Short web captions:
┄┄┄┄┄┄

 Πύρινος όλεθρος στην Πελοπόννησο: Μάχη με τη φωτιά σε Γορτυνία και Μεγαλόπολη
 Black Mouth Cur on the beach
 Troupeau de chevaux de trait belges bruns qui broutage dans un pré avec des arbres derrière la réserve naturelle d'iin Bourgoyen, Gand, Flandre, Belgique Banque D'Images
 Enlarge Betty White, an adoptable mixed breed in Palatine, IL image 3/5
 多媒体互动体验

┄┄┄┄┄┄

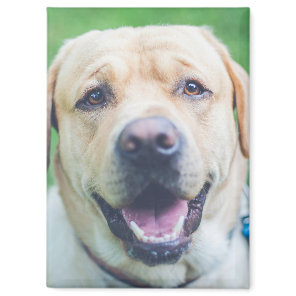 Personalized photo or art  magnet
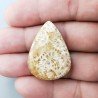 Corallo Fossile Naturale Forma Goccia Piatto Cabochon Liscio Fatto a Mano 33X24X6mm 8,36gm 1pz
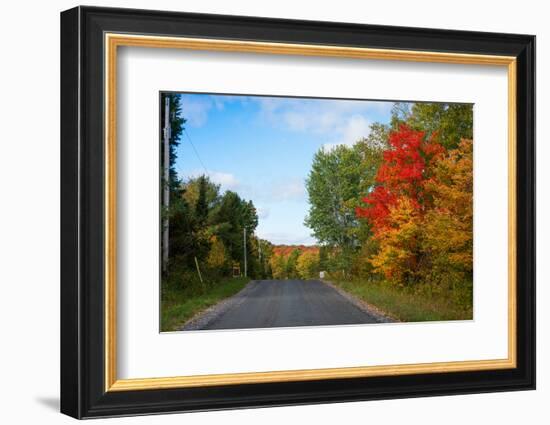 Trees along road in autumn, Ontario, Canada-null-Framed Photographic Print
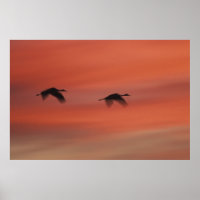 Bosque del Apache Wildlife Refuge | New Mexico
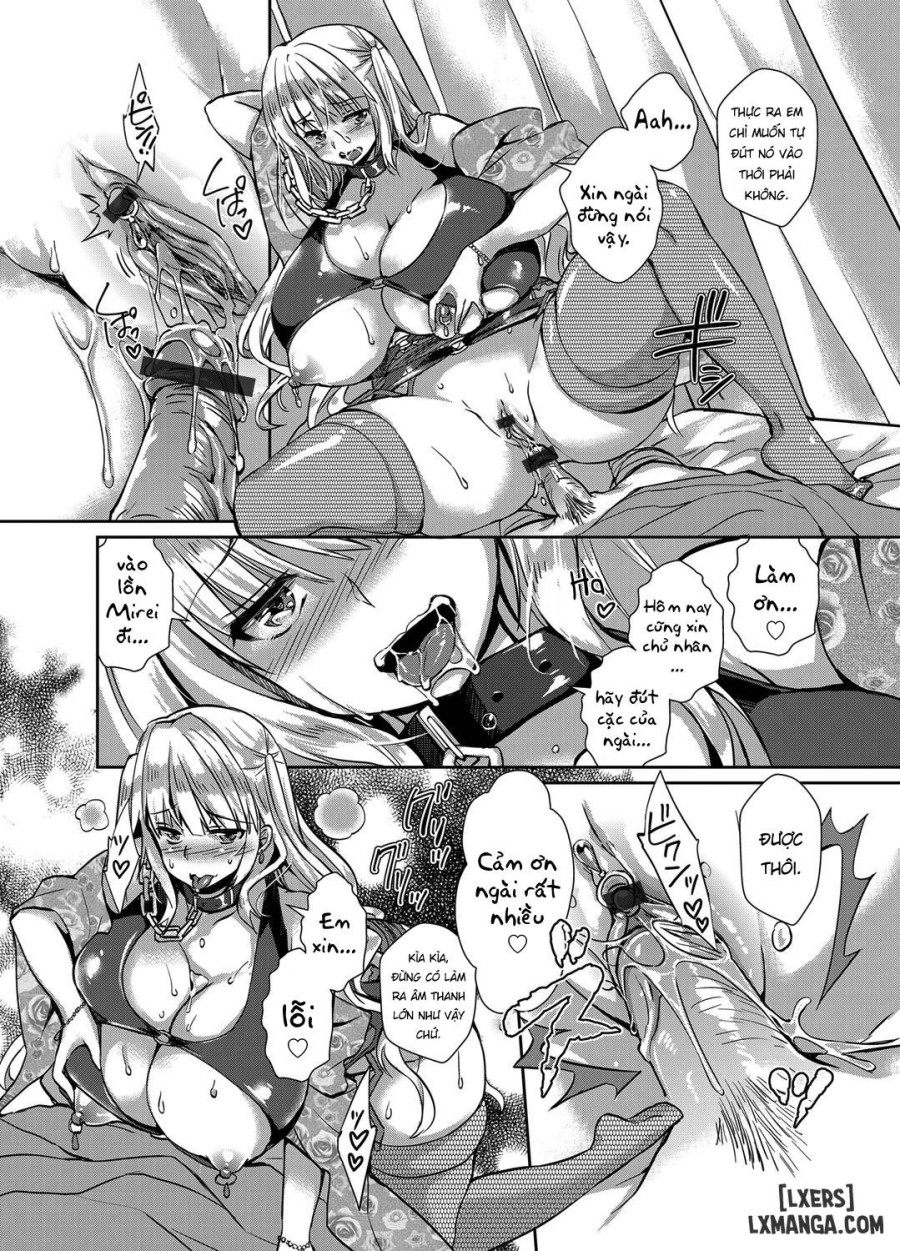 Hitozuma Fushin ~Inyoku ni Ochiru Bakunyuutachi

┄┄┄┄┄┄

* [PROBLEM REQUIREMENTS]:
Pictures excluded, reproduce only the part above that opens with the line holding "Personalized photo or" and closes with the line holding "Hitozuma Fushin ~Inyoku", exactly as written.

* [RESULT OF THE EXERCISE]:
 Personalized photo or art  magnet
 Corallo Fossile Naturale Forma Goccia Piatto Cabochon Liscio Fatto a Mano 33X24X6mm 8,36gm 1pz
 Trees along road in autumn, Ontario, Canada-null-Framed Photographic Print
 Bosque del Apache Wildlife Refuge | New Mexico
 Hitozuma Fushin ~Inyoku ni Ochiru Bakunyuutachi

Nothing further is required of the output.